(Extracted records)

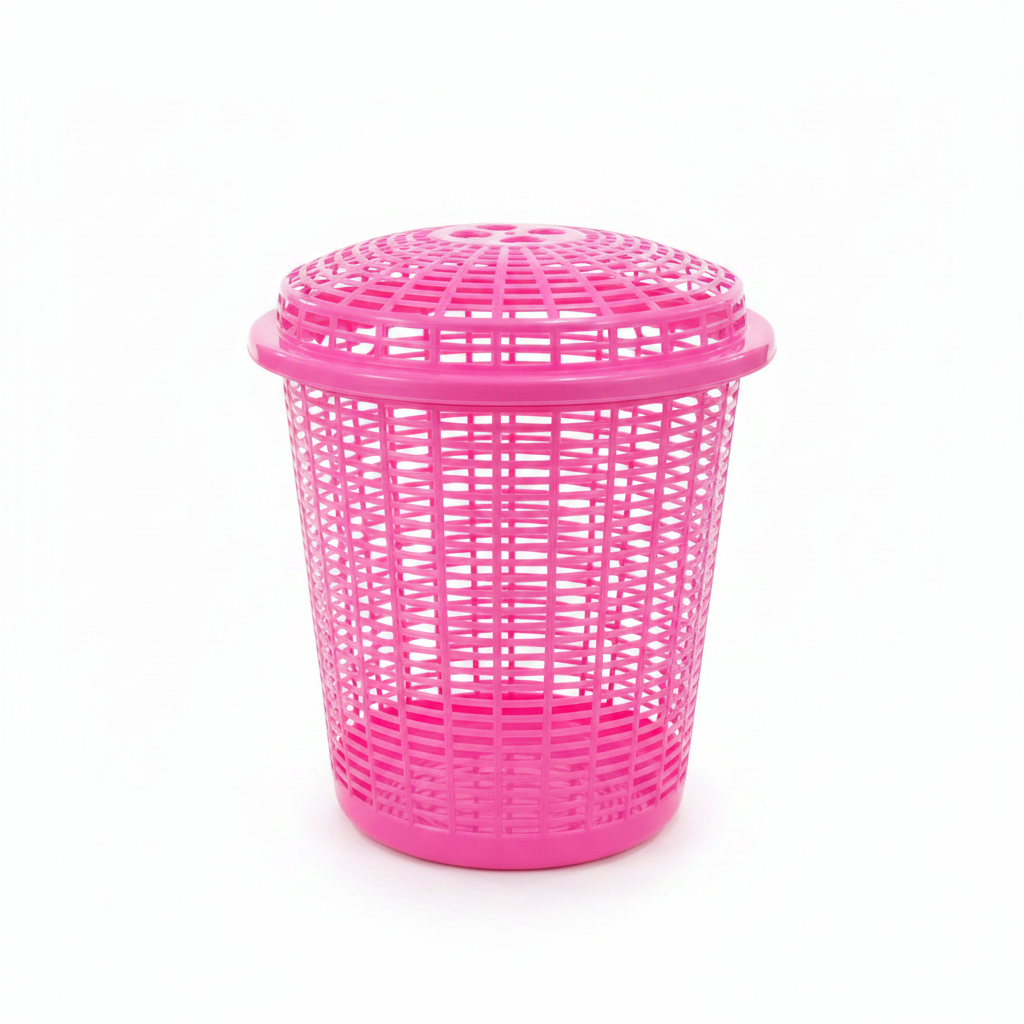 Exclusive Plastic Laundry Basket with Lid - 50 × 38 cm - Beige / Blue / Pink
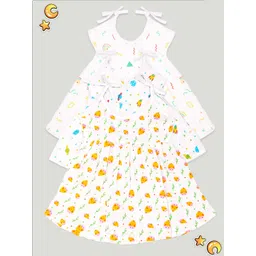 Kidbea Infant Girls Pack Of 3 Conversational Printed Round Neck Cotton Fit & Flare Dress-picture-24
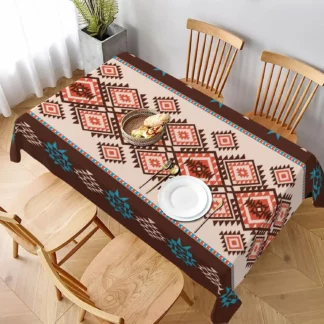 Western Turquoise Boho Aztec Waterproof Tablecloth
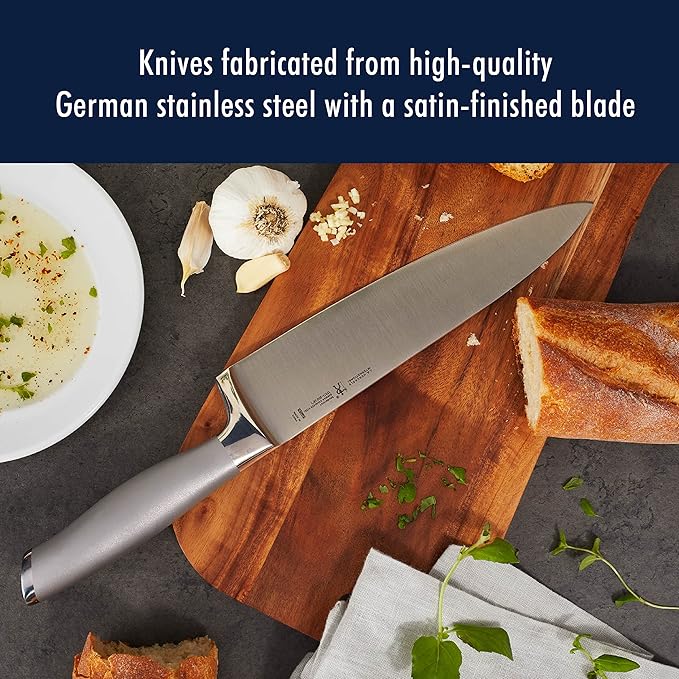 Henckels International Modernist 6-pc Knife Block Set | Paring Knife, Serrated Utility Knife, Utility Knife, Chef’s Knife & Kitchen Shears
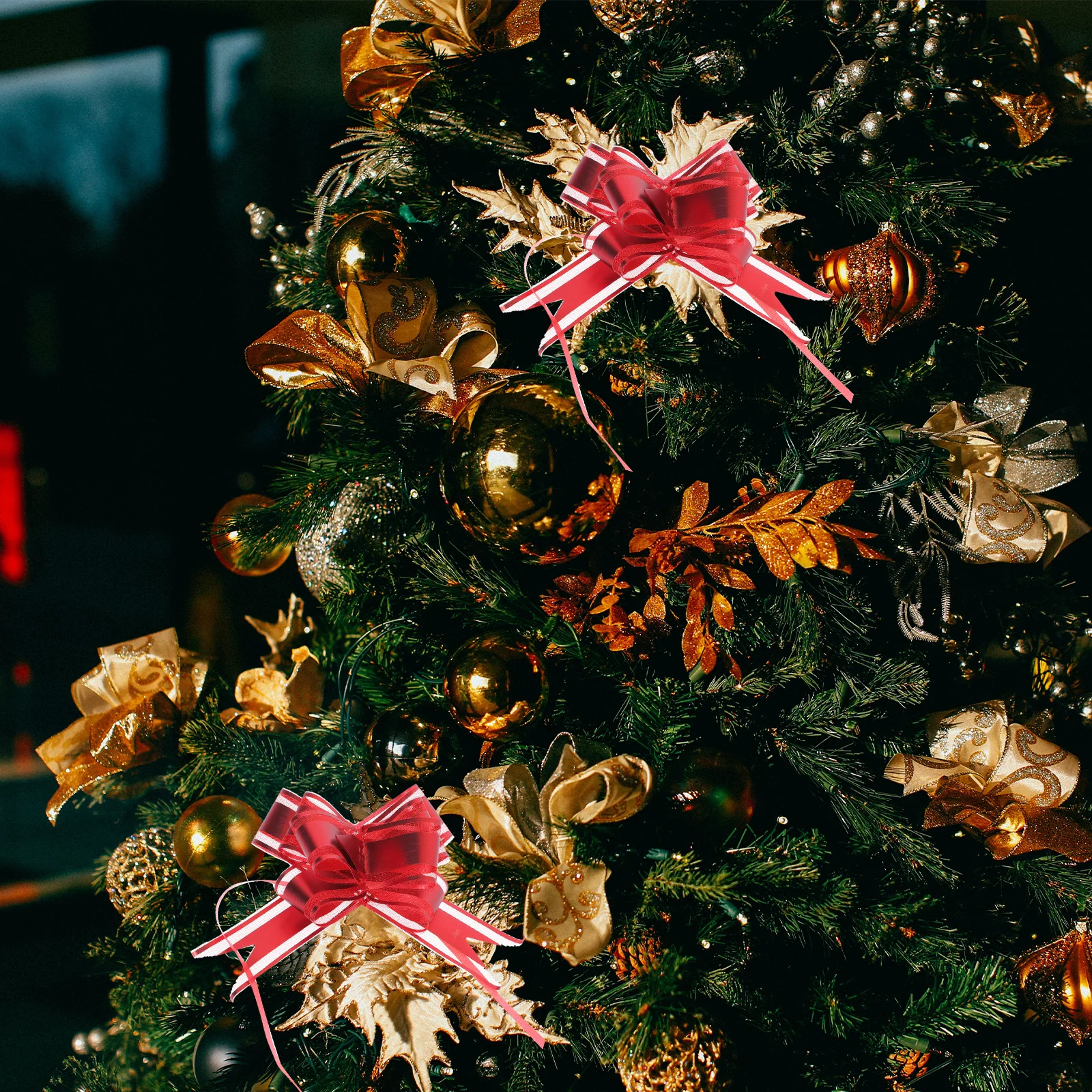 

20Pcs Present Wrap Pull Bow Ribbon Ornament Set for Gift Packaging Christmas Wedding Party Decoration Flower Style Accents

— Action item —
Your reply should hold only the records, duplicated exactly, without any image.

— Exercise result —
 Exclusive Plastic Laundry Basket with Lid - 50 × 38 cm - Beige / Blue / Pink
 Kidbea Infant Girls Pack Of 3 Conversational Printed Round Neck Cotton Fit & Flare Dress-picture-24
 Western Turquoise Boho Aztec Waterproof Tablecloth
 Henckels International Modernist 6-pc Knife Block Set | Paring Knife, Serrated Utility Knife, Utility Knife, Chef’s Knife & Kitchen Shears

20Pcs Present Wrap Pull Bow Ribbon Ornament Set for Gift Packaging Christmas Wedding Party Decoration Flower Style Accents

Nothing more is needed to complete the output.